Si dice “A carnevale ogni scherzo vale”.
Non era così al tempo di Bianca Rangoni. La Marchesa di Spilamberto infatti decise di porre serie limitazioni ai festeggiamenti carnevaleschi.
In quell’epoca le infrazioni, i disordini, il caos dovevano essere rilevanti per far gridare nuove disposizioni al “Nunzio Pubblico”, vicino alla “Colonna rossa”, proprio là dove le strade principali del Castello si incrociavano... oggi “le quattro arie”, dove serenamente gli spilambertesi si fermano a chiacchierare.
Cosa sarebbe cambiato?
Era il 1616 e le feste avrebbero potuto essere organizzate soltanto dietro richiesta ufficiale degli interessati. Come dire “Se ci saranno disordini i colpevoli siete voi”!
Dall’anno successivo la “Signora” permise di mascherarsi soltanto con abiti poco vistosi, esclusivamente durante il giorno ed entro le mura castellane.
Ma ecco individuate altre infrazioni, che evidentemente erano abituali e vi si pose freno: essere armati, travestirsi da religiosi, festeggiare sui sagrati delle chiese, esprimersi con parole irriverenti, infastidire ed offendere persone e, vista la stagione invernale, “gettarsi neve l’un l’altro”.
Ciò non significa che Bianca fosse contraria ai festeggiamenti, infatti, visto che i partecipanti erano soprattutto giovani, ai quali spettava giustamente divertirsi, ella precisò che “gli spassi dovevano pigliarsi sì, ma ... modestamente!”.
Questo esigeva che si realizzasse nel Castello da lei governato.

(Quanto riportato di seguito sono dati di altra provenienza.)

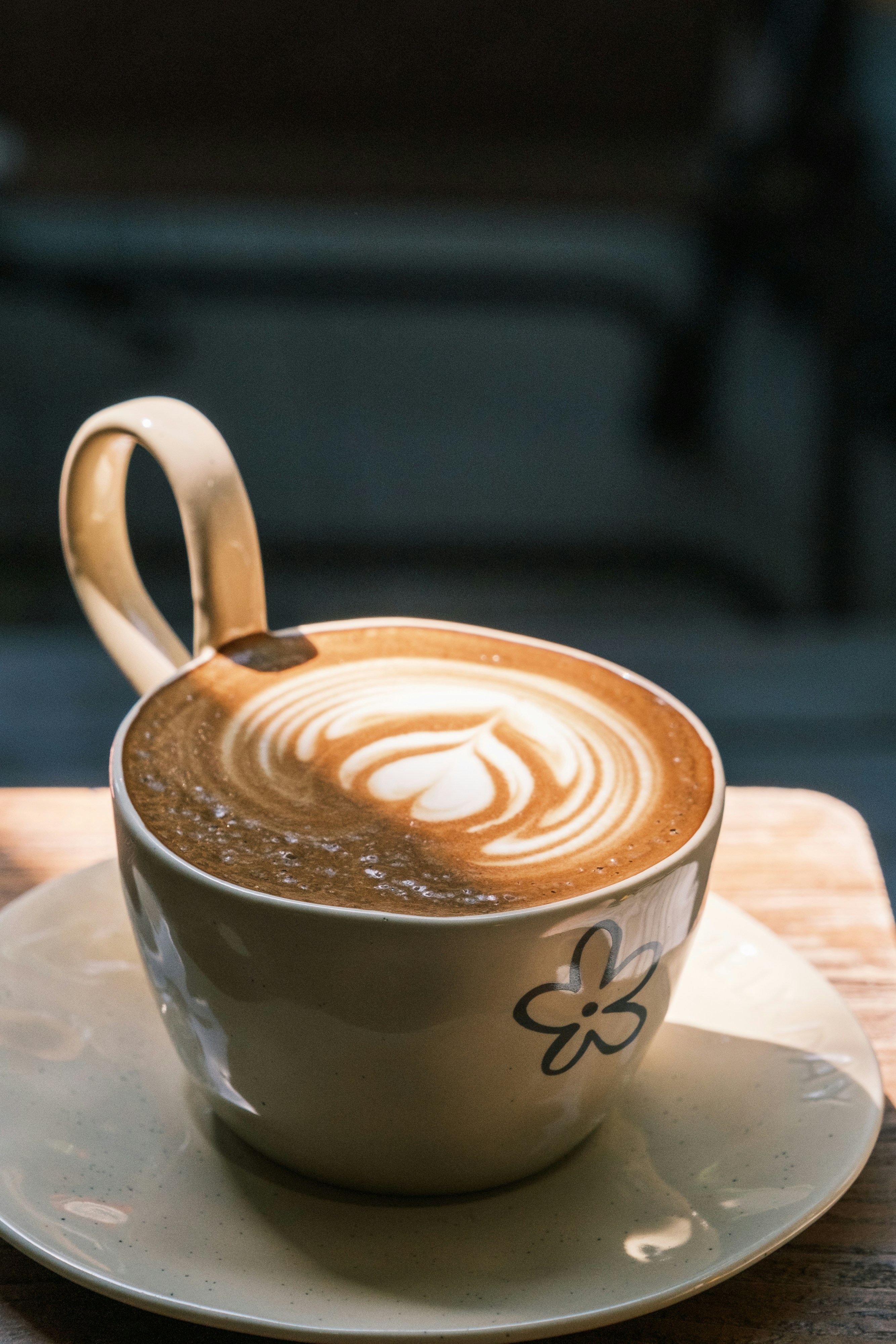 A cup of latte with heart latte art on a saucer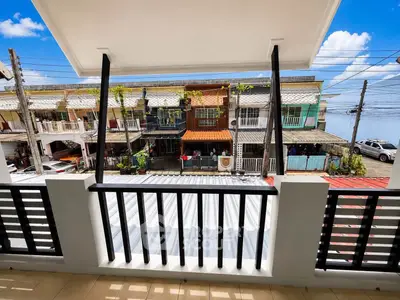 Charming balcony view overlooking vibrant neighborhood with clear blue skies.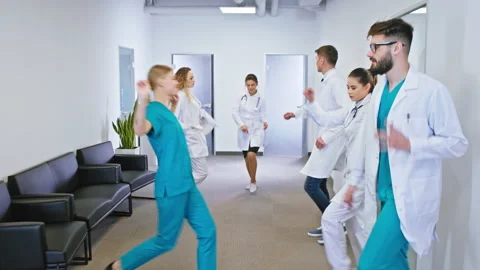 Charismatic doctors and nurses dancing excited in the hospital corridor they Stock Footage 130517974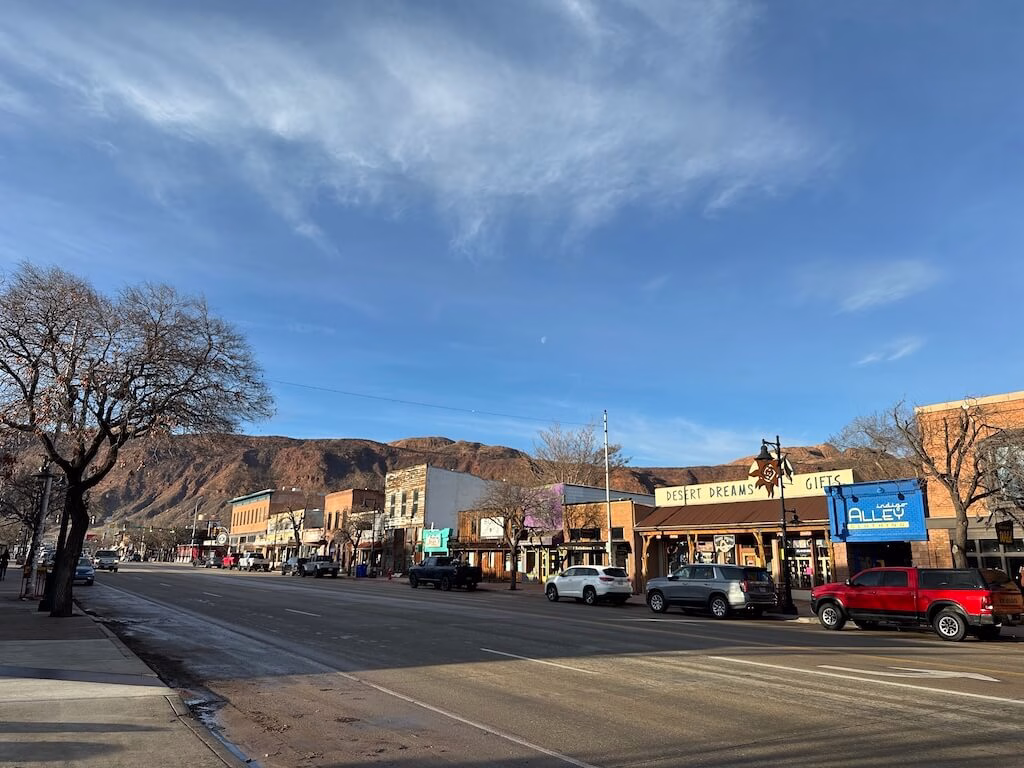 ユタ州モアブのメインストリート。赤い岩山を背景に、お土産店やカフェが立ち並ぶ落ち着いた町並みが広がる。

All’epoca, troviamo simili restrizioni anche in altre gride (in questo modo erano chiamati i decreti perché gridati in pubblico) del Marchesato di Vignola e del duca d’Este a Modena.
Possiamo così supporre che, fatte le giuste proporzioni, i festeggiamenti di allora rasentassero la trasgressività, un po’ come certi raduni dei ragazzi di oggi.
L’esuberanza giovanile non ha tempo!